We've described the file notification behavior. File notification can be provided by using Azure Event Hub or Azure Queue Storage. If Azure Queue Storage is chosen, Auto Loader allows the automatic creation of the Event Grid and the queue. This feature simplifies the automation a lot but, also, the operation and monitoring are more complex because the naming of the queue or topics are not human readable. The monitoring features of Azure Queue Storage are not very good at the moment so it is something to take into account.

All the features make it easier for us to provide a managed service. We've created a generic spark process that contains several ingestions scenarios. Therefore, we can reuse the same process and code to load all the data.

For example, suppose there are two tables that we have to load incrementally in append mode:

Stock Movements.
Sales.

If we have a spark generic process that provides incremental functionality, we only need to launch the same spark process with two different configurations to load both tables. In the end, they will be two sparks jobs based on the same code.

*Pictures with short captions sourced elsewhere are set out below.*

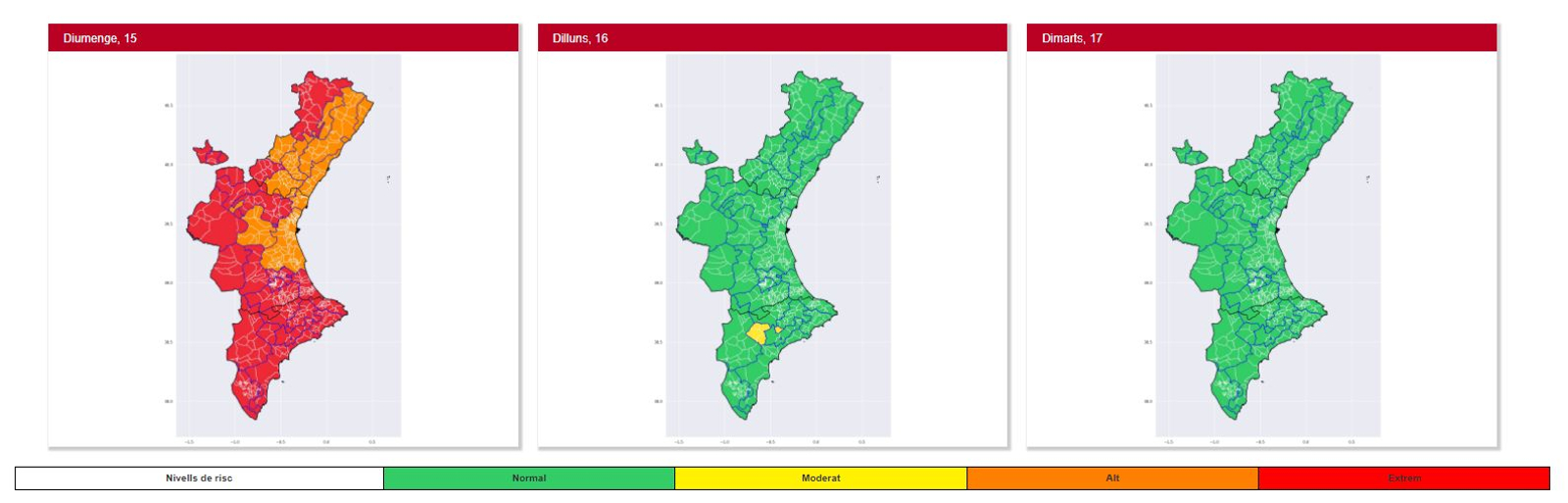Evolució de les temperatures a partir d'aquest diumenge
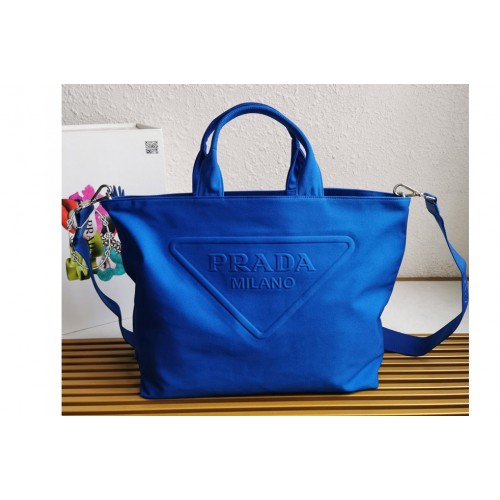 Prada 1BG081 Canvas bag in Blue Canvas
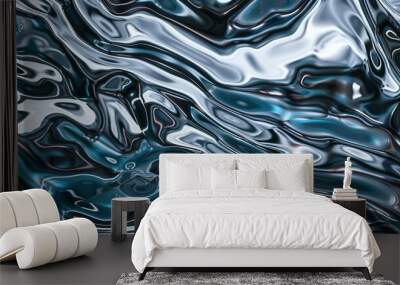 Abstract texture of liquid metal background Wall mural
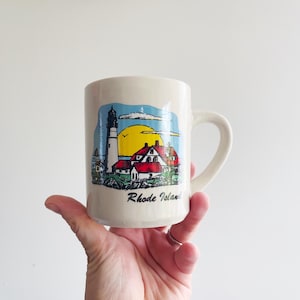 Vintage Rhode Island Mug, 90s RI Mug, Rhode Island Souvenir, New England Landscape Mug, Lighthouse, Vintage Nautical Decor, Rhode Island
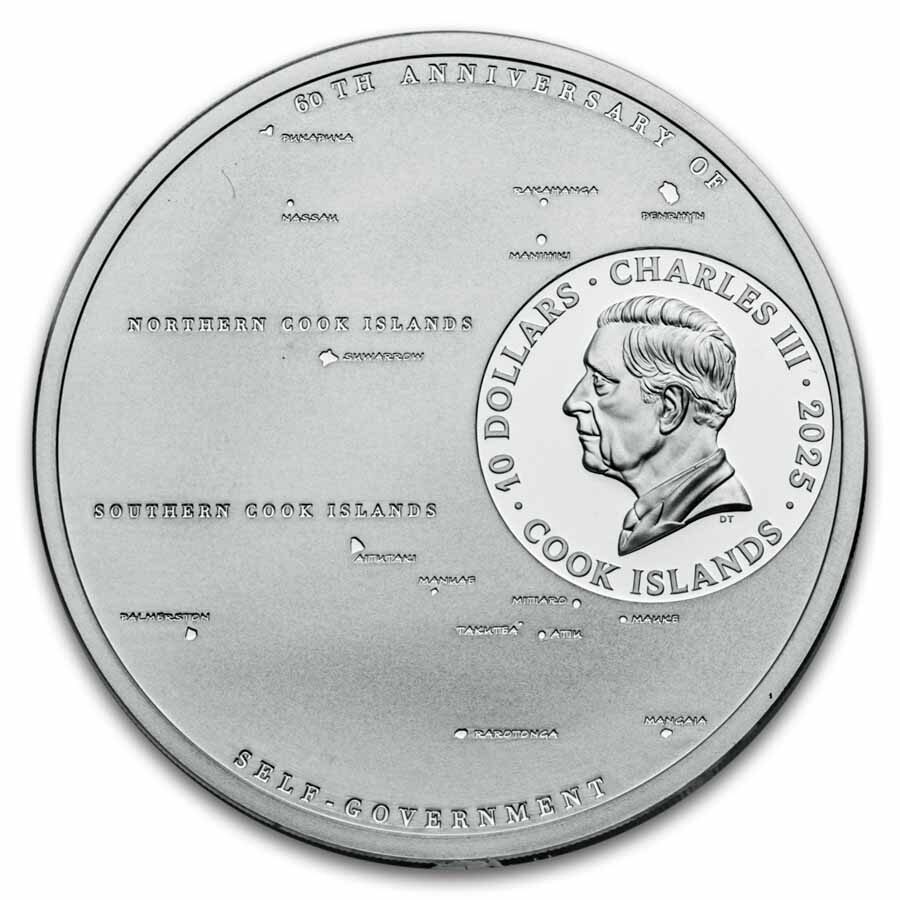 2025 Cook Islands 2 oz Silver 60 Years of Self-Government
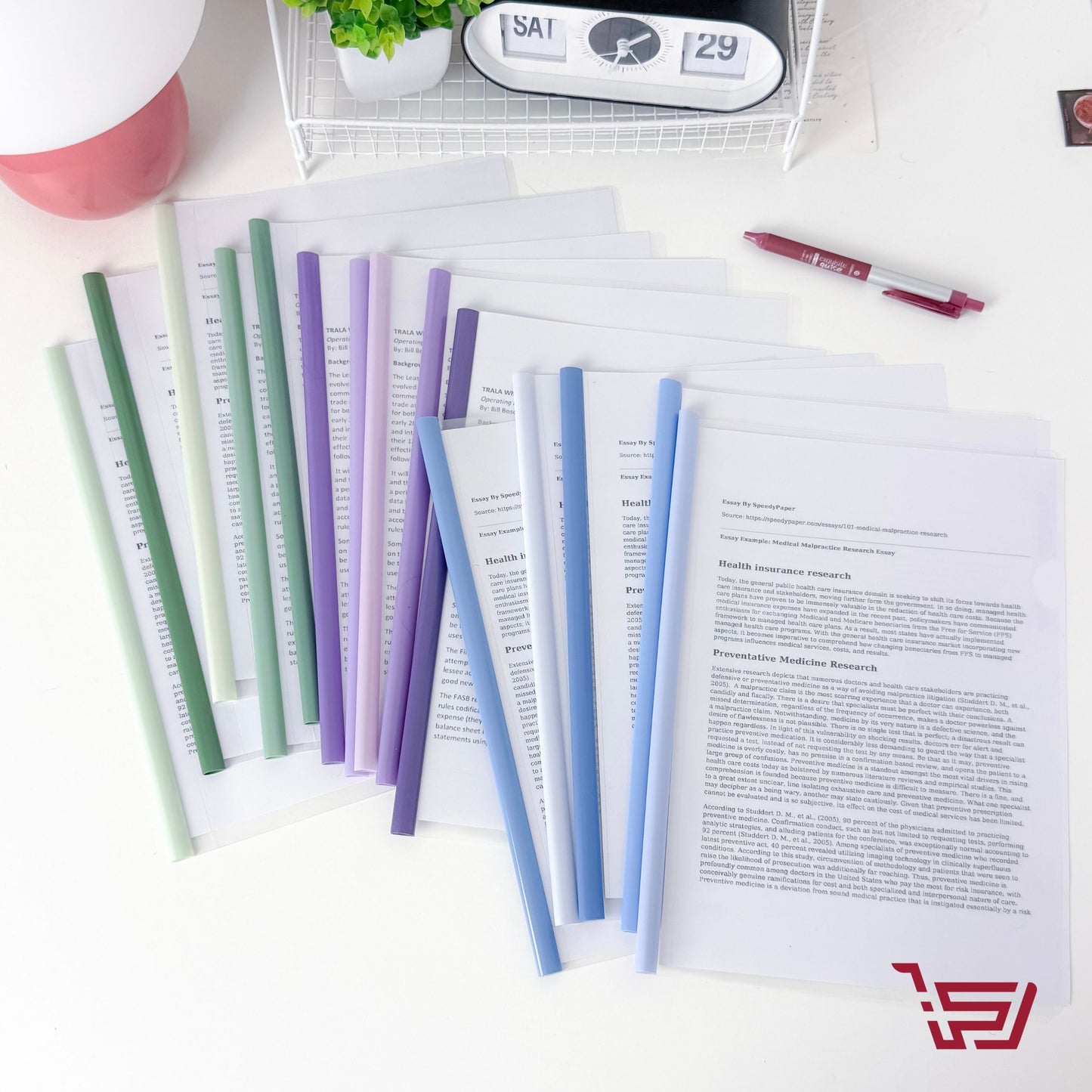 سيت حافظة اورق مع مشبك سحب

How to Create an Automated Layer

At this point, we have described the flow and capability that autoloader provides to simplify our data ingestion. To provide an automated solution "low-code," we have to add three components:

Metadata Repository: A Database with the configuration associated with each of the data sets.
Generic Spark: It can be a notebook that includes the logic for all the scenarios supported.
Self-service portal: A Website (and/or GitOps) to make this process more user-friendly for all kinds of users. This website allows to persist the configuration and also schedule a new job based on a Generic Spark Process.

Metadata Repository

As a repository for the Core Ingestion Engine Metadata Database, we can use any RDBMS database, but in this case, we've used an Azure SQL Database. Of course, we could use NoSQL and design the data model based on Documents, but I think an RDBMS is a good option for this case.

There are three main entities that we need to configure a new data pipeline:

Process Type: Identifies the type of data ingestion we will perform (Full copy, append, incremental, etc.).
Data Pipeline Configuration: Provides all the configuration related to the data pipeline, such as the storage endpoint, Hive Metastore table name/database, data schema, input file type, etc.
Data Type Transformation Mapping: There is no exact type relationship between different data repository technologies or even we want to change it. For example, maybe the precision between a number in an Oracle Database is different from the target repository. In another case, sometimes month/year/day are strings, but we want to transform to DateTime type.

In this case, the following information is required for the data_pipeline_configuration table:

Landing zone information
- DataStorageAccount: The ADLS Gen2 Endpoint.
- DataStorageContainer: The container name.
- DataDirectory: The directory name where the files are uploaded.
- DataFormat: The file type (csv, parquet, avro).
Storage zone for the autoloader checkpoint (watermark)
- CheckpointStorageAccount
- CheckpointContainer
- CheckpointDirectory
Pipeline information
- PipelineId: Unique identifier of the data pipeline.
- Schedule: Databricks scheduler configuration can run on once, hourly or daily schedule.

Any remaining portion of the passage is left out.